Desafios para reduzir os casos de assédio sexual
Enviada em 25/05/2020
Ao longo da história, as civilizações foram regidas por leis discriminatórias e exclusivistas que consolidaram um patamar de inferioridade e submissão feminina em relação ao homem, não somente no esfera doméstica, como também no cenário público, como, por exemplo, no mercado de trabalho e na participação política. Contudo, o reconhecimento desse fato como uma injustiça social trouxe à tona diversos movimentos de defesa dos direitos das mulheres, tanto que a Constituição brasileira em vigor, aprovada em 1988, prevê o tratamento isonômico de todos perante a lei, sem distinção de qualquer natureza.

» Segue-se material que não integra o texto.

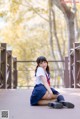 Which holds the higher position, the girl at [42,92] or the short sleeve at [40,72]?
the short sleeve at [40,72]

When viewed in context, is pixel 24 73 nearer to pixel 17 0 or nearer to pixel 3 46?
pixel 17 0

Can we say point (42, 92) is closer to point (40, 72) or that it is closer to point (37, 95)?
point (37, 95)

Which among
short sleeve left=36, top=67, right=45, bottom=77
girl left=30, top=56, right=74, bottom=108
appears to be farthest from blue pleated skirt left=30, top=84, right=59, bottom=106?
short sleeve left=36, top=67, right=45, bottom=77

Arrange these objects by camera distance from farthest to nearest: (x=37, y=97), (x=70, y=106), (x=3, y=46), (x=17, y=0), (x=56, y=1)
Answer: (x=17, y=0)
(x=56, y=1)
(x=3, y=46)
(x=37, y=97)
(x=70, y=106)

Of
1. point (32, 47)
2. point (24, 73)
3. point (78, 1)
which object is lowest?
point (24, 73)

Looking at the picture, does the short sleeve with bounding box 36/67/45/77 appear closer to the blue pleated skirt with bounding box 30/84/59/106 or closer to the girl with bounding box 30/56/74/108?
the girl with bounding box 30/56/74/108

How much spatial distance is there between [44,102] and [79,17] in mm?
12354

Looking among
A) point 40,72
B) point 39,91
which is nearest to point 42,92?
point 39,91

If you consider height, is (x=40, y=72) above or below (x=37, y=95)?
above

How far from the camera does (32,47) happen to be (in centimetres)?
1973

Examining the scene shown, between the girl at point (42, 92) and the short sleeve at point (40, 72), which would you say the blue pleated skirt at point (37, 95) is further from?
the short sleeve at point (40, 72)

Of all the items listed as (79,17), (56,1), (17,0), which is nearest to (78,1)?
(56,1)

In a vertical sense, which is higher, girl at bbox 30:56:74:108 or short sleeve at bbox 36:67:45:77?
short sleeve at bbox 36:67:45:77

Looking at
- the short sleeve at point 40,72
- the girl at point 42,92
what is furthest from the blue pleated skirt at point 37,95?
the short sleeve at point 40,72
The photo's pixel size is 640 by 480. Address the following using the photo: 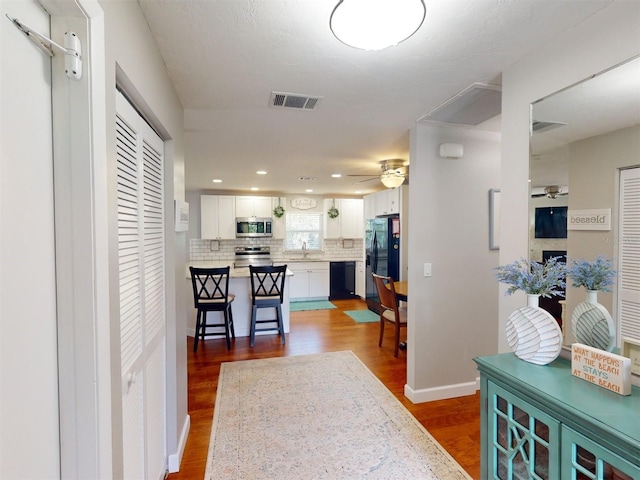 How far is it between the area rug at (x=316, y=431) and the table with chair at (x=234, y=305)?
953mm

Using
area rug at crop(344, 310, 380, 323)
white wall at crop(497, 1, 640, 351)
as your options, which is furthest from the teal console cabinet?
area rug at crop(344, 310, 380, 323)

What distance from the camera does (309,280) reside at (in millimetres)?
6781

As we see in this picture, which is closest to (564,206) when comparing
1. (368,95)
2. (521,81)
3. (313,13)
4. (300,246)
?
(521,81)

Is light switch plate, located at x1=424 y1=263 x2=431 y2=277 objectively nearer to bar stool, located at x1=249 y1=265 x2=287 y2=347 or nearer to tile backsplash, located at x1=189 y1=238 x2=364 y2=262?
bar stool, located at x1=249 y1=265 x2=287 y2=347

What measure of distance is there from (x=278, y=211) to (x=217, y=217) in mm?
1249

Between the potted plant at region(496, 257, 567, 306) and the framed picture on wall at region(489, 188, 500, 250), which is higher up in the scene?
the framed picture on wall at region(489, 188, 500, 250)

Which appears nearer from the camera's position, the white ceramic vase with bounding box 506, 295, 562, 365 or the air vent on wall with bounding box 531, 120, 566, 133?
the white ceramic vase with bounding box 506, 295, 562, 365

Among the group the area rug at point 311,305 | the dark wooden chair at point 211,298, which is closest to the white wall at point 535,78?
the dark wooden chair at point 211,298

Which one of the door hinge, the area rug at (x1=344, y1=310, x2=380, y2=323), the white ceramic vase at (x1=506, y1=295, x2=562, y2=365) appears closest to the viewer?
the door hinge

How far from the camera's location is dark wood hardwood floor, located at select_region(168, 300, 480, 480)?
6.98 feet

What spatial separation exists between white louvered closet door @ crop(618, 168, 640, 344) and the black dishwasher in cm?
583

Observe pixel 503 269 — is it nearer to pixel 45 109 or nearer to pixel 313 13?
pixel 313 13

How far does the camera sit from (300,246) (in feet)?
23.5

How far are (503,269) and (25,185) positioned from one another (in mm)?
1740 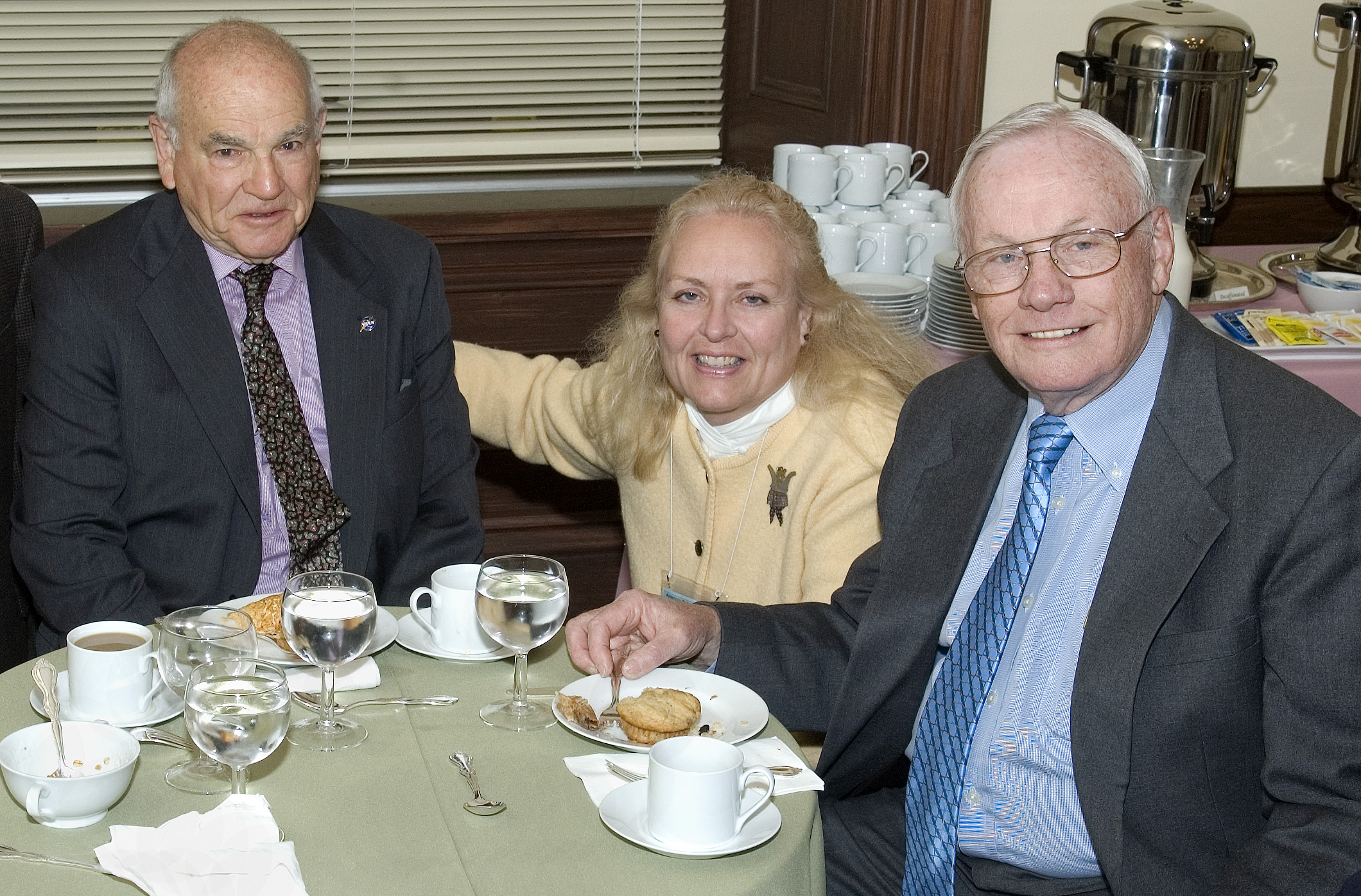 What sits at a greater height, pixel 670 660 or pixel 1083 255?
pixel 1083 255

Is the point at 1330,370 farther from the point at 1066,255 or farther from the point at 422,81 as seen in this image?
the point at 422,81

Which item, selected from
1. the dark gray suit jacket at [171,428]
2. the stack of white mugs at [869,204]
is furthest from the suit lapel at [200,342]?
the stack of white mugs at [869,204]

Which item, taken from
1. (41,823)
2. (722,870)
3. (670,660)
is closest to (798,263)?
(670,660)

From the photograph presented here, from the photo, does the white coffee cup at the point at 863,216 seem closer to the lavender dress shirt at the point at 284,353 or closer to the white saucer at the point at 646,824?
the lavender dress shirt at the point at 284,353

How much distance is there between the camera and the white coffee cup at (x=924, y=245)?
300 cm

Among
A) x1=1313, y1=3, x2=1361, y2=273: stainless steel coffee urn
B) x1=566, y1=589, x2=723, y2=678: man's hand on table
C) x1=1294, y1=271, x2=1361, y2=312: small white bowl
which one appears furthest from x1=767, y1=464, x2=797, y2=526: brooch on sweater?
x1=1313, y1=3, x2=1361, y2=273: stainless steel coffee urn

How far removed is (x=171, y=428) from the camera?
2.17 metres

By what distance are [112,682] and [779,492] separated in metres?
1.08

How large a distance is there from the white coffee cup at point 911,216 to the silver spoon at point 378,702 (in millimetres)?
1868

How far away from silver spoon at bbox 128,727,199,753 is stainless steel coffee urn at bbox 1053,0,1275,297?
235cm

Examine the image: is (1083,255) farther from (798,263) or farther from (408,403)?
(408,403)

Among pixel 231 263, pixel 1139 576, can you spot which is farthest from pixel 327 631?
pixel 231 263

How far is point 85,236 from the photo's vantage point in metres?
2.24

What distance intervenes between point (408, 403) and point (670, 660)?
2.93ft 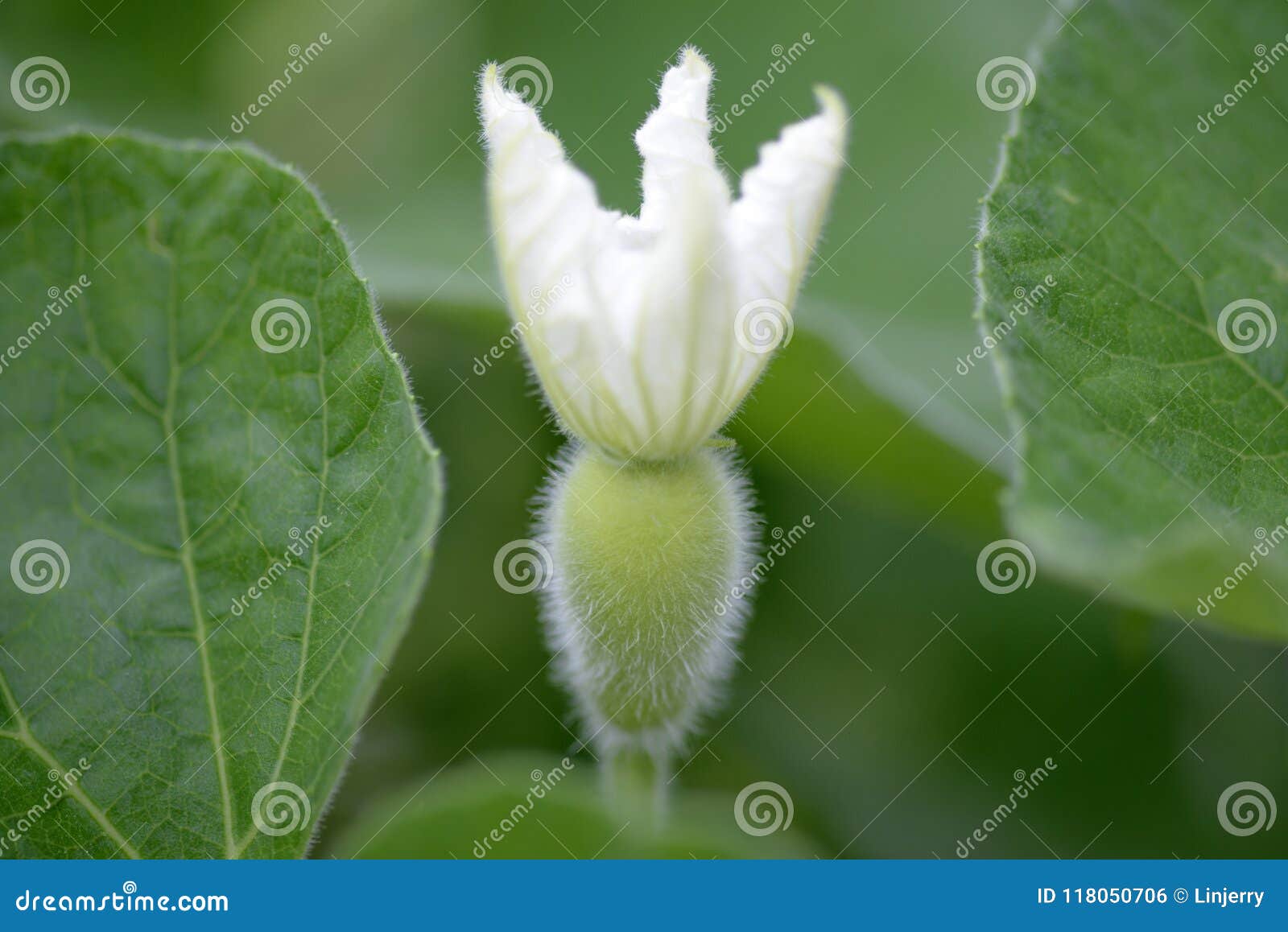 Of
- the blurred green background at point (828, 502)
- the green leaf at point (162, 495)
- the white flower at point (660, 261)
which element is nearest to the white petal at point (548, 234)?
the white flower at point (660, 261)

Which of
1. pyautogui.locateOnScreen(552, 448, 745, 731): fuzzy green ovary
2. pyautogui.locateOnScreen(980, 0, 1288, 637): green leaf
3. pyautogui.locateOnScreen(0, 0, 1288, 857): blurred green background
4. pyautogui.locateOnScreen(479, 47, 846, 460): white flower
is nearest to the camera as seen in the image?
pyautogui.locateOnScreen(980, 0, 1288, 637): green leaf

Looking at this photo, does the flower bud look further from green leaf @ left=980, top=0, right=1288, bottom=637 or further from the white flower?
green leaf @ left=980, top=0, right=1288, bottom=637

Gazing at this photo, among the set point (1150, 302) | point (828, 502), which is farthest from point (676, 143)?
point (828, 502)

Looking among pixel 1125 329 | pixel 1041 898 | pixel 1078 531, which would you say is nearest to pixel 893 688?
pixel 1041 898

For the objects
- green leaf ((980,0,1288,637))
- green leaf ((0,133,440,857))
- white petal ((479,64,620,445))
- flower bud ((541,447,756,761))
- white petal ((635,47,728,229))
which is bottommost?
green leaf ((0,133,440,857))

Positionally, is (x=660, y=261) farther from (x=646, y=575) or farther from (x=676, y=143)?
(x=646, y=575)

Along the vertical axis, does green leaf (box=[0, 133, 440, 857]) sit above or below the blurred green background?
below

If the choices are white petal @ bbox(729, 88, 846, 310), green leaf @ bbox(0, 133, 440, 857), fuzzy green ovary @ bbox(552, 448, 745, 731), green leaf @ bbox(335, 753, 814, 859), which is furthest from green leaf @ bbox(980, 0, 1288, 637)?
green leaf @ bbox(0, 133, 440, 857)

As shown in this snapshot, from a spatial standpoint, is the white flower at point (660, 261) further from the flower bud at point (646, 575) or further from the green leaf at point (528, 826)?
the green leaf at point (528, 826) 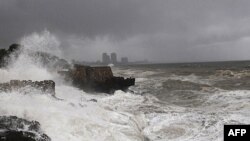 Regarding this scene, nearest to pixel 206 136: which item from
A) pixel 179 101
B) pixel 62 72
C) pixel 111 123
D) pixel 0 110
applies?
pixel 111 123

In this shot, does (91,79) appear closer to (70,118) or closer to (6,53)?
(6,53)

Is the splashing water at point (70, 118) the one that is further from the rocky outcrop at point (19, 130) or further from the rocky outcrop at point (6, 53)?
the rocky outcrop at point (6, 53)

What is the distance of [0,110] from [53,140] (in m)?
2.32

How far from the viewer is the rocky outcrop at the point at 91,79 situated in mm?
20344

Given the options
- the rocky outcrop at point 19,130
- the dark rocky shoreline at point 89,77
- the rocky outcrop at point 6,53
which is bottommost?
the rocky outcrop at point 19,130

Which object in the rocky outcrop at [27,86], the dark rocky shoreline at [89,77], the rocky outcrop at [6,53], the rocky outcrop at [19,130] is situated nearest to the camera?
the rocky outcrop at [19,130]

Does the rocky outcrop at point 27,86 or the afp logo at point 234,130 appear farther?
the rocky outcrop at point 27,86

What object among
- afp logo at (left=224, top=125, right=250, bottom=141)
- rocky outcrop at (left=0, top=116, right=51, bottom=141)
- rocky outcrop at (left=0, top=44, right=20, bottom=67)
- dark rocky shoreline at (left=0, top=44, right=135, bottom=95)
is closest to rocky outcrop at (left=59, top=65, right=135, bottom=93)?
dark rocky shoreline at (left=0, top=44, right=135, bottom=95)

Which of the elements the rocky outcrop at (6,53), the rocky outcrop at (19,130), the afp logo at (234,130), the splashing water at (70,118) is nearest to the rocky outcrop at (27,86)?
the splashing water at (70,118)

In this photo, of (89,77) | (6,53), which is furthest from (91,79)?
(6,53)

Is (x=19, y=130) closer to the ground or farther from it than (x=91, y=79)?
closer to the ground

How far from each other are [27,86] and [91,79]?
8048 millimetres

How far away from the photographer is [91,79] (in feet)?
67.7

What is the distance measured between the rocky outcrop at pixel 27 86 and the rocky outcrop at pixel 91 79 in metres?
6.78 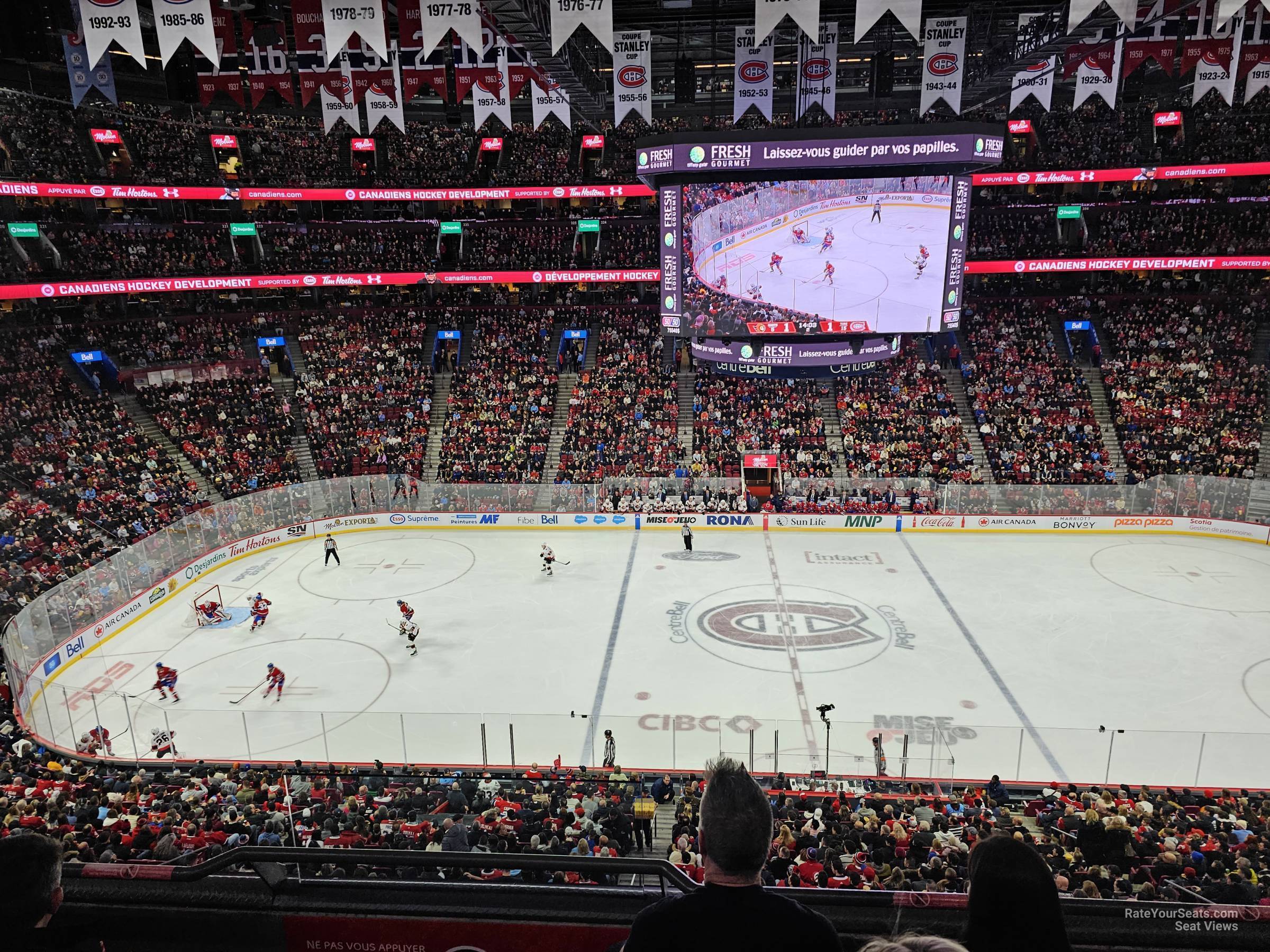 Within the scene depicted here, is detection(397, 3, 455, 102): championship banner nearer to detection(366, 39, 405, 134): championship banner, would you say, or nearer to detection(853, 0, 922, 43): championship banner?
detection(366, 39, 405, 134): championship banner

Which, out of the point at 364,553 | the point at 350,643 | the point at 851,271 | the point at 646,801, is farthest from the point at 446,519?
the point at 646,801

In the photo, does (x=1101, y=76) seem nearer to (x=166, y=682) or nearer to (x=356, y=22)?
(x=356, y=22)

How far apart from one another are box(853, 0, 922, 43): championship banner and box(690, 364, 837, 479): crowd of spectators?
1870 centimetres

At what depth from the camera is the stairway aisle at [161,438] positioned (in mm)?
31641

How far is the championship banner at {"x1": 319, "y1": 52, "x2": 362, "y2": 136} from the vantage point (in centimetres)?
2605

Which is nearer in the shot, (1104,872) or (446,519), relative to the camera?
(1104,872)

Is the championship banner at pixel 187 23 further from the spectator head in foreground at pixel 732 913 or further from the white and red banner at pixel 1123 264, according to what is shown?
the white and red banner at pixel 1123 264

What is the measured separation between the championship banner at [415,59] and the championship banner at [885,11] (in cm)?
831

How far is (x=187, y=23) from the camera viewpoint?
57.7ft

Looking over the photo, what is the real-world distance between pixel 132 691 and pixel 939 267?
24.6 metres

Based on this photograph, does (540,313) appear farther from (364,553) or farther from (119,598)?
(119,598)

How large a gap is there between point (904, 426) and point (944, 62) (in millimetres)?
15127

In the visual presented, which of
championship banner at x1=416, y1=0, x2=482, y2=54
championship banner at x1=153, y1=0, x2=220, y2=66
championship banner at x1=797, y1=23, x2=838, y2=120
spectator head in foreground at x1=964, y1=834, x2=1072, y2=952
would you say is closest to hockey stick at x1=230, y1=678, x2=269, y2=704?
championship banner at x1=153, y1=0, x2=220, y2=66

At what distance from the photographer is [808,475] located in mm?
33625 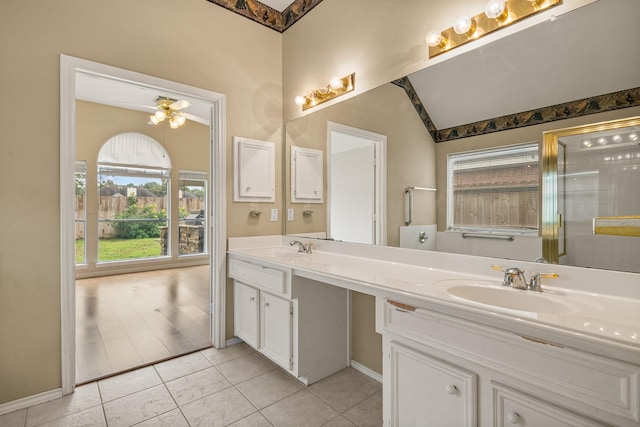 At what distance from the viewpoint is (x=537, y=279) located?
1323 mm

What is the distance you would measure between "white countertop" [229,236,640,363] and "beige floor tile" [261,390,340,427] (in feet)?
2.48

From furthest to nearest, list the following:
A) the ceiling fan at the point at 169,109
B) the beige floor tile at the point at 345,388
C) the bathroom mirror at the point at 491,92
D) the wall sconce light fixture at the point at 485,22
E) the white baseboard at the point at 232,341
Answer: the ceiling fan at the point at 169,109 < the white baseboard at the point at 232,341 < the beige floor tile at the point at 345,388 < the wall sconce light fixture at the point at 485,22 < the bathroom mirror at the point at 491,92

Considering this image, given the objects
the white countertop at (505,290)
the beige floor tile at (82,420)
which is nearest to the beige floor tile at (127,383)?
the beige floor tile at (82,420)

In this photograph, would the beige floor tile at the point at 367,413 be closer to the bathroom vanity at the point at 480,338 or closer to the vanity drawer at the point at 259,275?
the bathroom vanity at the point at 480,338

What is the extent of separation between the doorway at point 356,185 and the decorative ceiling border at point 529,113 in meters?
0.33

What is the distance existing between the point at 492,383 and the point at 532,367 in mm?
162

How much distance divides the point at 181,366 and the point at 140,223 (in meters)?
4.54

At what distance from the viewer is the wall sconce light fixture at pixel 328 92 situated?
234 centimetres

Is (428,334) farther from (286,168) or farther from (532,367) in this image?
(286,168)

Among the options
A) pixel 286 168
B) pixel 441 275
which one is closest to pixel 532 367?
pixel 441 275

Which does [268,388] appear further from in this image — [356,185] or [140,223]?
→ [140,223]

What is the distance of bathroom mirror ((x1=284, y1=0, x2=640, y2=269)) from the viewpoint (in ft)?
4.16

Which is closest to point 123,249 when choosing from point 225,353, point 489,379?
point 225,353

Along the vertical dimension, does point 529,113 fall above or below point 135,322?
above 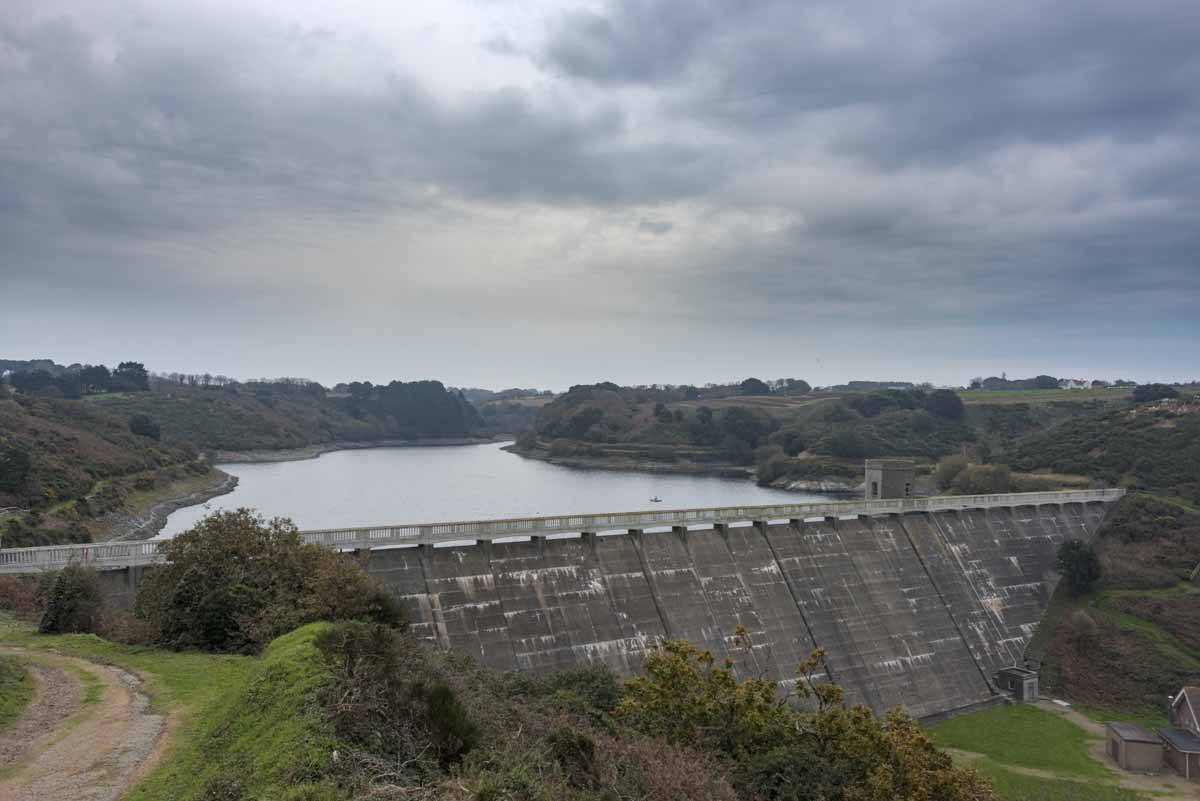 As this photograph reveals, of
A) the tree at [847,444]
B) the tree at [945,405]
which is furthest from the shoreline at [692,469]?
the tree at [945,405]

Ainda assim, a herança de um passado machista e patriarcal faz com que persistam no país a ocorrência de casos de assédio sexual, cuja mitigação tem como entraves a falta de divulgação do tema pela mídia, bem como a ineficiência de políticas públicas de proteção das vítimas.
Em primeiro plano, cabe destacar que, segundo a escritora nigeriana Chimamanda Ngozi Adichie, a exposição ou a realização de determinado comportamento repetidamente faz com que ele seja considerado normal. Consoante a essa ideia, infere-se uma crítica à banalização dos casos de assédio sofridos pelas mulheres regularmente - segundo o instituto Datafolha, ocorrem 536 casos por hora no Brasil -, e defende-se a educação da população a respeito da questão. Isso porque indivíduos acríticos e desinformados são incapazes de refletir criticamente sobre o assunto, o que faz com que se perpetue o cenário de insegurança a que as mulheres são expostas atualmente.
Além disso, embora exista no Artigo 216 A do Código Penal Brasileiro a previsão de um a dois anos de prisão para crimes de assédio sexual, 42% das brasileiras com 16 anos ou mais declara já ter assediada sexualmente, de acordo com o instituto de pesquisas Datafolha. Tendo isso em vista, percebe-se a carência de políticas de segurança pública, o que impulsiona a perpetuação do problema em questão. Sendo assim, em concordância com o filósofo Thomas Hobbes, para quem o Estado é o responsável pela manutenção harmonia social, considera-se essencial uma ampliação da ação governamental no combate aos crimes desse tipo, em prol do bem comum.
Portanto, é evidente a premência de medidas que alterem essa realidade e promovam a mitigação dos casos de assédio sexual no Brasil. Para isso, é preciso que a mídia divulgue amplamente o tema, por meio da transmissão de filmes e reportagens educativas, a fim de informar o público quanto à gravidade dos casos e não permitir a banalização da questão. Ademais, o governo deve intervir efetivamente na problemática, com a adoção de políticas públicas como, por exemplo, a criação de transportes públicos exclusivamente femininos, de modo a garantir a segurança das passageiras. Dessarte, será possível assegurar a segurança das mulheres em âmbito nacional.